Odds are Prokofiev’s picaresque Peter and the Wolf was one of your memorable early experiences of live ensemble music. Shockingly, your kids may not enjoy that same opportunity after yesterday’s disastrous ruling in a case involving international orchestral music and other foreign works removed from the public domain:
In 1994 Congress changed U.S. copyright law to conform with an international copyright agreement. The new law reapplied copyright to millions of works that had long been free for anyone to use without permission.
Mr. Golan had argued that taking works back out of the public domain would hinder creativity by making artists more cautious about remixing or otherwise using works, fearing their status could change in the future in a way that required payment to copyright holders.

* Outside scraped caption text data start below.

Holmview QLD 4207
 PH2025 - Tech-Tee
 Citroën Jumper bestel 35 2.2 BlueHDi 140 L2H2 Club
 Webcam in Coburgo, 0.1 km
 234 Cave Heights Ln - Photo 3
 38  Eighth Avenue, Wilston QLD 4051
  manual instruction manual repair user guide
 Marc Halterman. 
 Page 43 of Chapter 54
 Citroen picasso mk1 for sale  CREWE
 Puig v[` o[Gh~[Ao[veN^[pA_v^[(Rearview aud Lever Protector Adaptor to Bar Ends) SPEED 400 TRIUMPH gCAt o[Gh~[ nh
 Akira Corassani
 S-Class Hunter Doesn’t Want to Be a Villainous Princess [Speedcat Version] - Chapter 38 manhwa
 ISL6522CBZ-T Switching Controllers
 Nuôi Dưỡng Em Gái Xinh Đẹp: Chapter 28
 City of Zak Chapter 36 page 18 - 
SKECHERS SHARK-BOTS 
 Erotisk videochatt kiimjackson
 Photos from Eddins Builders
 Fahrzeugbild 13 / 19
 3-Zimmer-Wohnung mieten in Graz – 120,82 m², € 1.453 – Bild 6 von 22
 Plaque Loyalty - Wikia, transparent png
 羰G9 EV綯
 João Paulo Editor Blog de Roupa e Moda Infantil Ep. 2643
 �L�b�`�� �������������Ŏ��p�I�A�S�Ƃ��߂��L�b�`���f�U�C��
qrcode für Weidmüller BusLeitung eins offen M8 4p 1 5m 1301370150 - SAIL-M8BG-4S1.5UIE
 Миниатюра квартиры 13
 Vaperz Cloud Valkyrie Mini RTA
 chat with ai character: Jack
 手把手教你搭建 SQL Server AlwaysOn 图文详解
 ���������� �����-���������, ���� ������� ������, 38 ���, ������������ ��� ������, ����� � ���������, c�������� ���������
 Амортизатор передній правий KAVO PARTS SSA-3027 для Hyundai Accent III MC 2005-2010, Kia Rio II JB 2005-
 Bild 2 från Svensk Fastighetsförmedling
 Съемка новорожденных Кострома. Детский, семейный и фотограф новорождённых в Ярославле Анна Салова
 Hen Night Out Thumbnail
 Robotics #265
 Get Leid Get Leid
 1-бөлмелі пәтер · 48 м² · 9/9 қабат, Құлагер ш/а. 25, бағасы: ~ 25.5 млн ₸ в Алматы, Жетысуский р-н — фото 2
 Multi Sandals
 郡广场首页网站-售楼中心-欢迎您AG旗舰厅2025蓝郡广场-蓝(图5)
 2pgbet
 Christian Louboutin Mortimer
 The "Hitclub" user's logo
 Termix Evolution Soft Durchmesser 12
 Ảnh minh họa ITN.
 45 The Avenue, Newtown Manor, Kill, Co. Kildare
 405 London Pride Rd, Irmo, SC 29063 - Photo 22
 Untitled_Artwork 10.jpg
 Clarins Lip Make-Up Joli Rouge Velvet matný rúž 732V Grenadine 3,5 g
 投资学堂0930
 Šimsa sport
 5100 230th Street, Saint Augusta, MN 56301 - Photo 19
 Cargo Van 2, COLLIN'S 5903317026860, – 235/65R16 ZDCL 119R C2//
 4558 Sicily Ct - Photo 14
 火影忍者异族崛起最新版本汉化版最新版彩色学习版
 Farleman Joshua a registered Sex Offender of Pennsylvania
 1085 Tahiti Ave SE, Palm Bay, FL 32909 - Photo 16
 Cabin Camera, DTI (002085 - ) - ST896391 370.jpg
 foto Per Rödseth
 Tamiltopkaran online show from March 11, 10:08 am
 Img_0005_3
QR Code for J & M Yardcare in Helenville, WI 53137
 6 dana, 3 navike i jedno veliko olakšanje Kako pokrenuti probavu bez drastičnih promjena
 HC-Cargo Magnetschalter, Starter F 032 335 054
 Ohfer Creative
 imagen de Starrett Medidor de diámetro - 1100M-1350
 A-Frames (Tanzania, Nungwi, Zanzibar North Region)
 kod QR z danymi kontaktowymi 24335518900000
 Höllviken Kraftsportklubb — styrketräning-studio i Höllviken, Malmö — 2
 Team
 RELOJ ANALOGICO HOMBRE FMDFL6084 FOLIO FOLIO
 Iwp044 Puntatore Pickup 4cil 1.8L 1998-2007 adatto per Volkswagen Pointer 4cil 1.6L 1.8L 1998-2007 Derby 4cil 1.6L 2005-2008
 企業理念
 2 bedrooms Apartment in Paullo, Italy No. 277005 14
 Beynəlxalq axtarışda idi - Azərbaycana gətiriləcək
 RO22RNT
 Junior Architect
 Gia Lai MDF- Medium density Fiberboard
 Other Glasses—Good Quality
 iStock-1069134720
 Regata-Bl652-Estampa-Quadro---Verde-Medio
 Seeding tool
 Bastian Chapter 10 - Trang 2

More broadly, academics have expressed concern that upholding the 1994 law would make it much more difficult to write books or assemble course readings without having to deal with a host of legal hurdles – or just prohibitively expensive fees – to avoid violating copyrights.
The decision – in which intellectual property rights holders won big over orchestras, performing arts organizations, creatives and scholars – likely means that a generation’s worth of cultural treasures will become less accessible to the broader public.
And we pay taxes for this? First Congress through legislation and now the Supreme Court in this ruling: Keeping us safe, apparently, from the likes of Prokofiev and Shostakovich.